Recognizing that many readers are in warmer climes or have boats that don’t need special winter preparation, we present this for those not so fortunate. Torresen Marine will have more than 600 boats in storage for the winter months. Most of these boats require special care to prevent damage from freezing water. Our standard winterizing covers some or all of what is listed below. If you do the job yourself or have it done elsewhere, this checklist will help to know what needs doing and what results to expect.
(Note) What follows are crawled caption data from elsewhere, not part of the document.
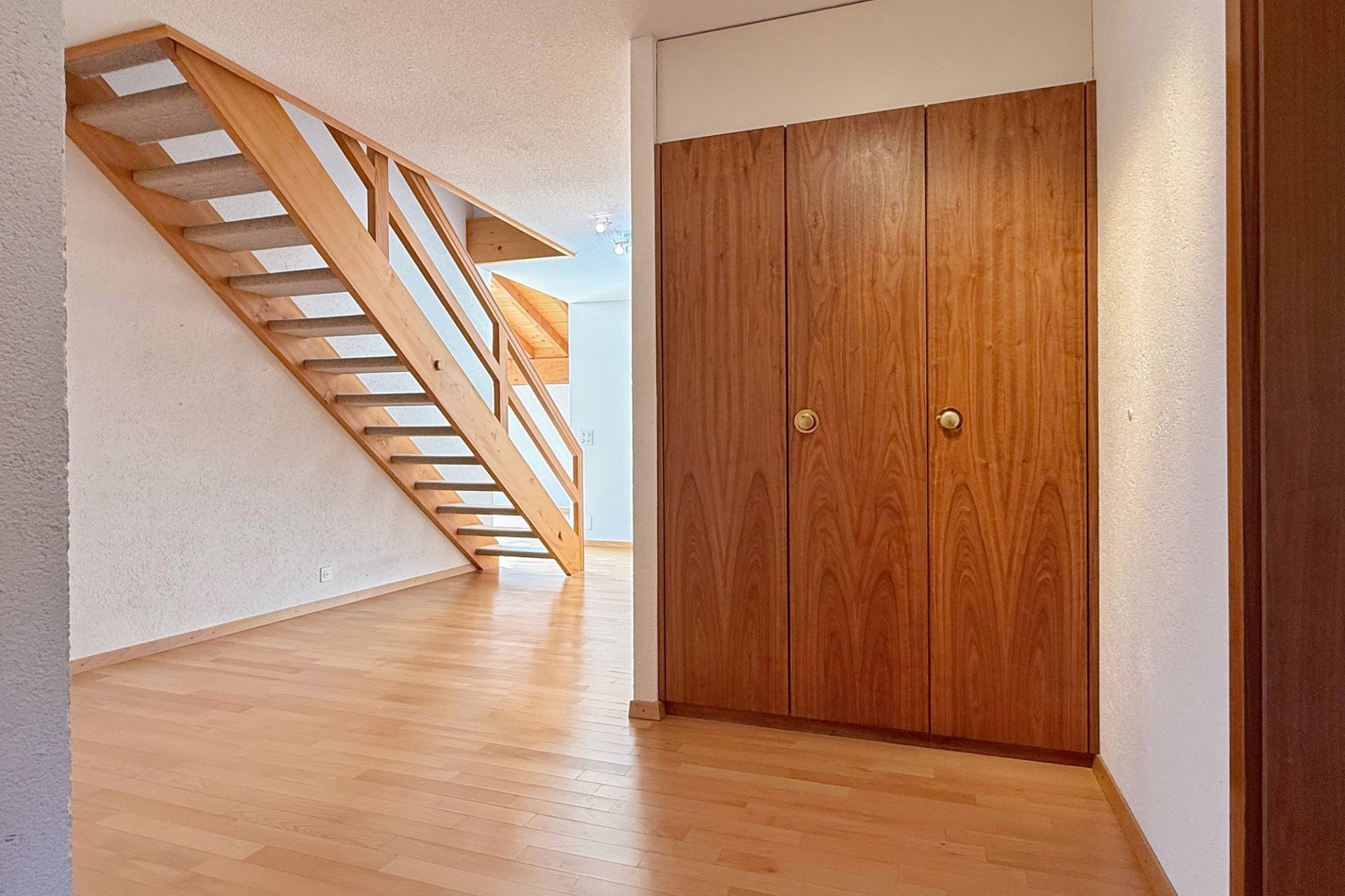 Flur mit Holztreppe und Einbauschrank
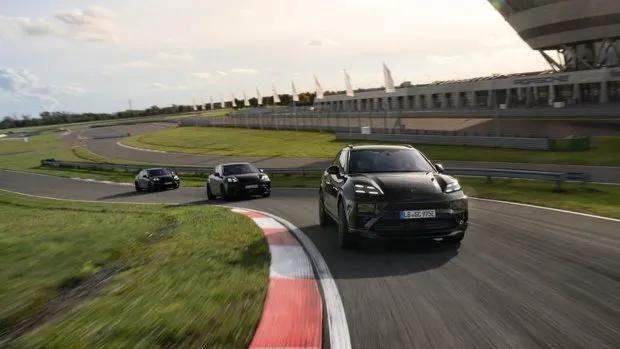 2024 Porsche Macan EV driving shot with group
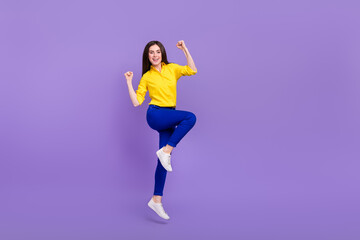 Fototapeta na wymiar Full length body size view of attractive cheery girl jumping rejoicing good mood isolated over bright violet purple color background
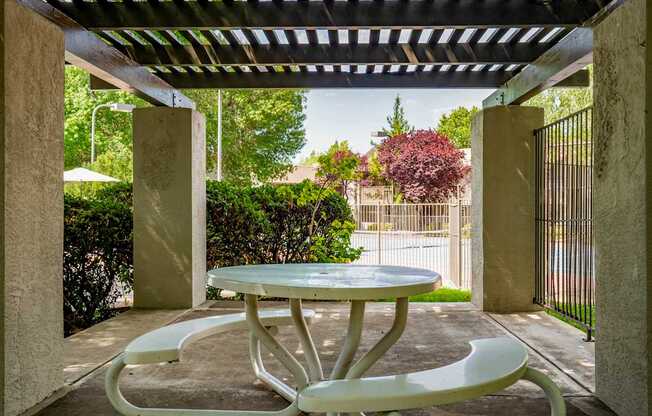A white table and two chairs are under a metal roof.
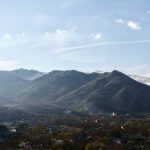 A small village nestled in a valley beneath rolling green mountains under a blue sky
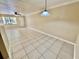 Spacious living room featuring neutral-toned walls, tile flooring, and a ceiling fan at 5221 Bayshore Blvd # 29, Tampa, FL 33611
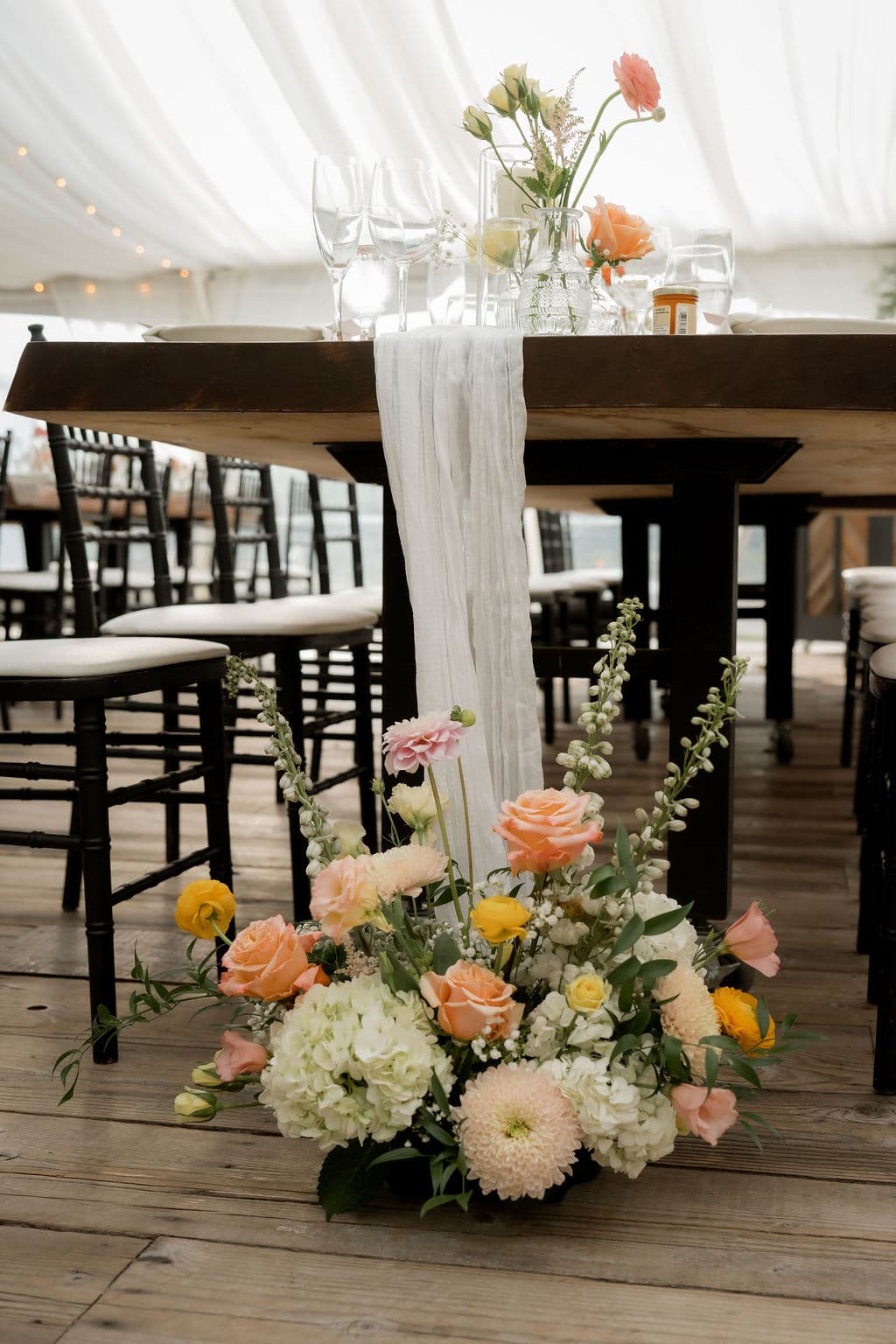 An arrangement of peach roses, hydrangea and dahlias at the base of a head table draped with a gauze runner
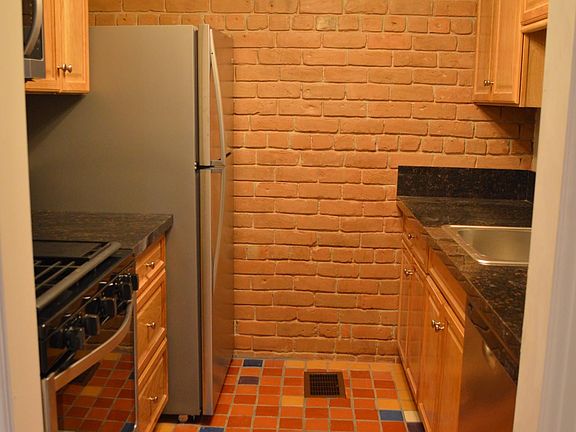 Kitchen with exposed brick wall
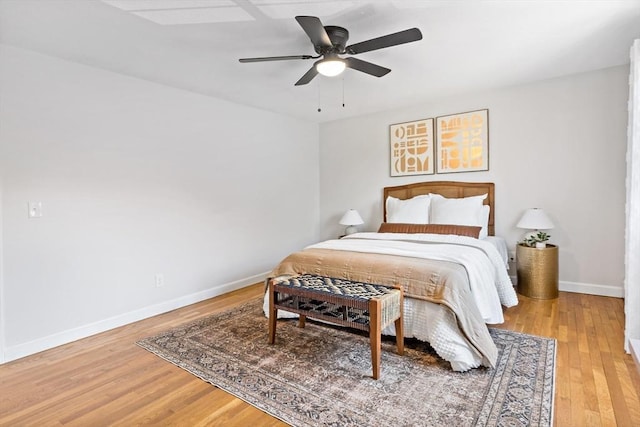 bedroom featuring baseboards, ceiling fan, and light wood-style flooring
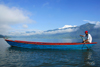 Nepal, Pokhara: boatman on Phewa Tal (Lake) - mountains in the background - photo by J.Pemberton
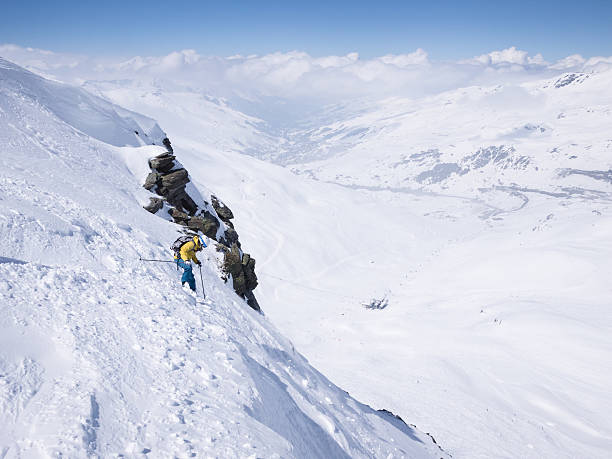 Female skier on steep slope above ski resort stock photo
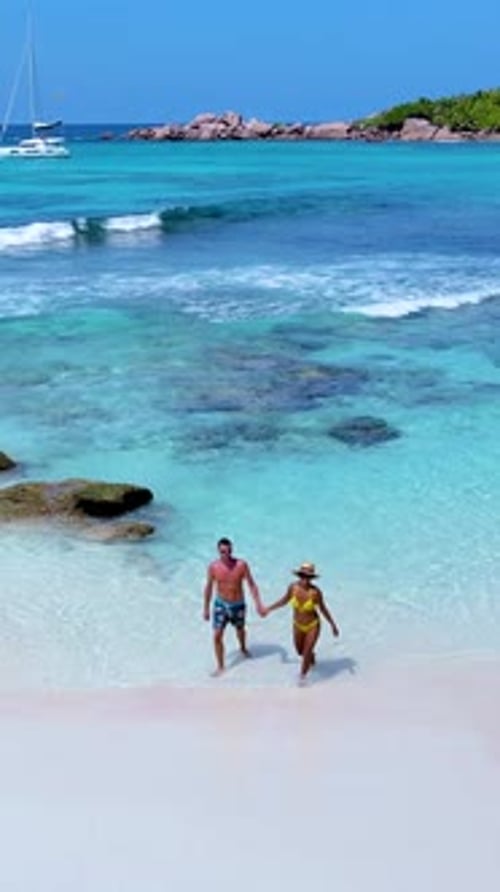 Strolling Hand in Hand Along the Pristine Shores of Seychelles Under the Bright Sun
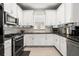 Modern kitchen featuring white cabinets, stainless steel appliances, mosaic backsplash, and granite countertops at 4721 Tortona Ct, Bradenton, FL 34211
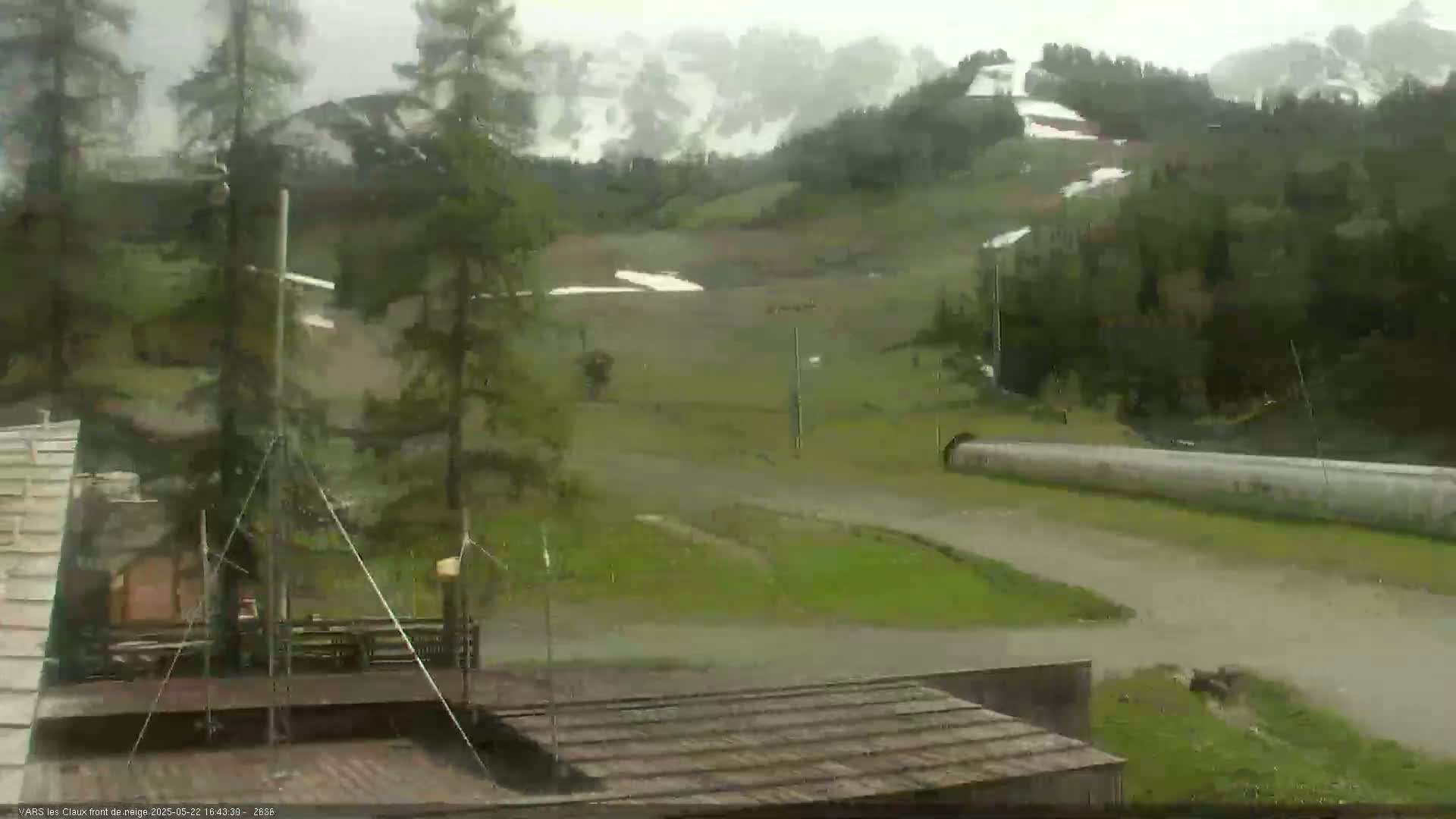 A rainy view of a grassy area with a few trees and buildings, a long pipe, and mountains in the background.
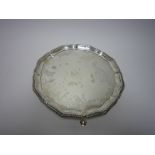 A Victorian silver shaped circular Salver with gadroon rim on three hoof feet, Sheffield 1895, 9 1/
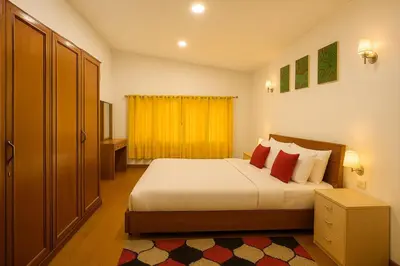a bedroom with a bed and a yellow curtain at Secret Escape Heritage Bungalow in Ooty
Always keep in mind that the only freeze damage you can expect is the result of freezing water.

WINTERIZING – WHAT TO EXPECT

Winterize air conditioner:
Shut off cooling water inlet valve for each unit.
Pump potable antifreeze through system/s.
Reopen seacocks when boat is hauled.

Winterize bilge pumps:
Pump bilge dry.
Put potable antifreeze in remaining water.
Pump antifreeze through the pumps.

Winterize the engine/s:

Fresh water-cooled engines:
Check status of existing antifreeze.
Adjust mixture if slightly deficient.
Change antifreeze mixture if grossly deficient. (added cost)
Bleed air from system if required.
Shut off seacock.
Pump potable antifreeze through system, including inlet strainer, until it can be seen discharging overboard.
Reopen seacock when boat is hauled.

Sea water-cooled engines:
Shut off seacock.
Drain water from the engine block and manifold.
Resecure drains.
Pump antifreeze through the cooling system until it discharges overboard.
Reopen seacock when boat is hauled.

Winterize generator:
Same as Winterizing engine/s

Winterize head:
Assure holding tank has been pumped out.
Shut off sea cock.
Pump system to dry bowl.
Pump antifreeze through the system.
Reopen seacock when the boat is hauled.

Winterize out board motor:
Drain water from the engine.
Check lower unit lubricant.

If lower unit shows signs of water – drain the lower unit.
Check lower unit seals.
Replaced seals if necessary.
Refill lower unit with proper gear oil.

Winterize the refrigeration:
Air-cooled units require no winterization.
Shut off sea cock.
Pump potable antifreeze through the system.
Reopen seacock when the boat is hauled.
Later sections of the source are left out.